In this project I made a XGBoost machine learning model to predict the annual medical charges of a person.
In this project, I have used the XGBoost model to predict the annual medical charges for an individual using some of the parameters like his/her age, sex, BMI, etc. Below is the walkthrough for the project:-
1) First read the data from the given CSV file into a Pandas data frame.
2) Now perform analysis and visualization by plotting some graphs or plots and establish the relationship between the different variables to gain some insight into the data. For this Python libraries such as matplotlib, seaborn, and plotly are used.

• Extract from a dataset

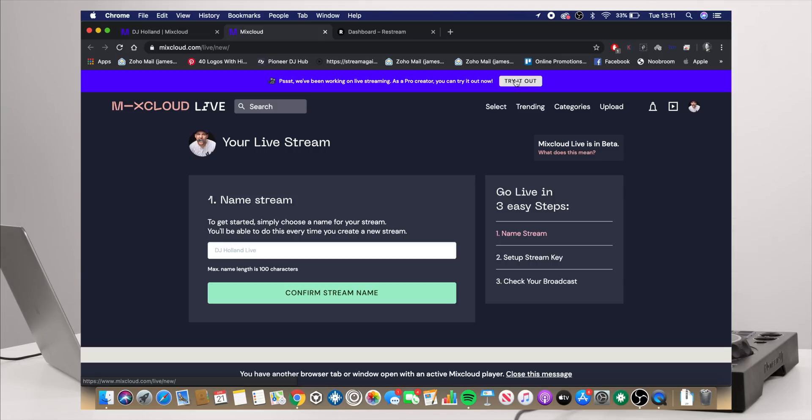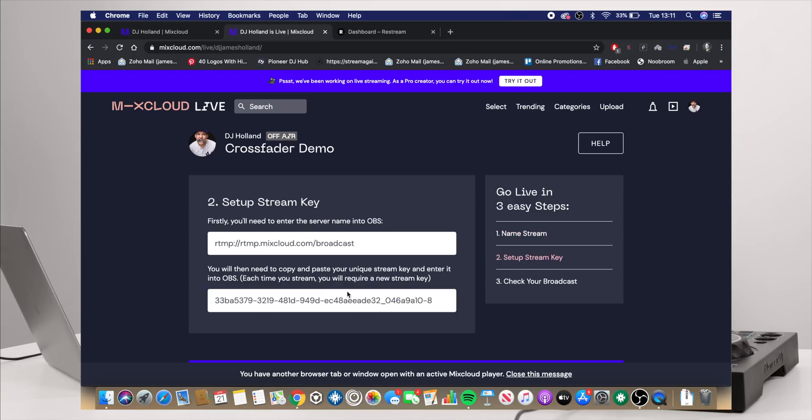When we're at that destination in our web browser, we can name the stream — we can only name it once, so make sure you call it what you want it to be called. I'm just going to call it 'Crossfader Demo' because I'm just demonstrating this. Confirm your stream name and then you get to the second page called 'Setup Stream Key.' This is the details you need to add into your broadcasting software. Unlike Facebook and YouTube, there is no web interface where you can just plug a webcam in and go live — you will need some sort of broadcasting software. OBS is the most popular because it's free, and we do have a video on how to use OBS — click in the top right-hand corner if you'd like to see that.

3) Now identify the input and target variables and separate out the two. Further, separate the input data into numerical and categorical features.
4) Next we need to scale the numerical features to a value between 0 and 1 and encode the categorical features to numbers so that the model can be trained efficiently. Scaling is done by the MinMaxScaler function and encoding is done using the OneHotEncoder function of the scikit-learn library.
5) Next we create separate training and testing sets from our processed data using the train_test_split function from the scikit-learn library.
6) Now it's time to train the model. For this, we install the xgboost module and import the XGBRegressor class from it. Then we fit the model to the training data and predict the results on the test data.
7) Finally we measure the performance of our model using the RMSE(Root Mean Squared Error) between the targets and the predictions from our model. You can always tweak some of the hyperparameters to get slightly better results but the performance of our base XGBoost model would already be much better than other ML algorithms.
This model can be also be used for big datasets and can be easily implemented with the steps given above. So go ahead and train your own ML model using XGBoost.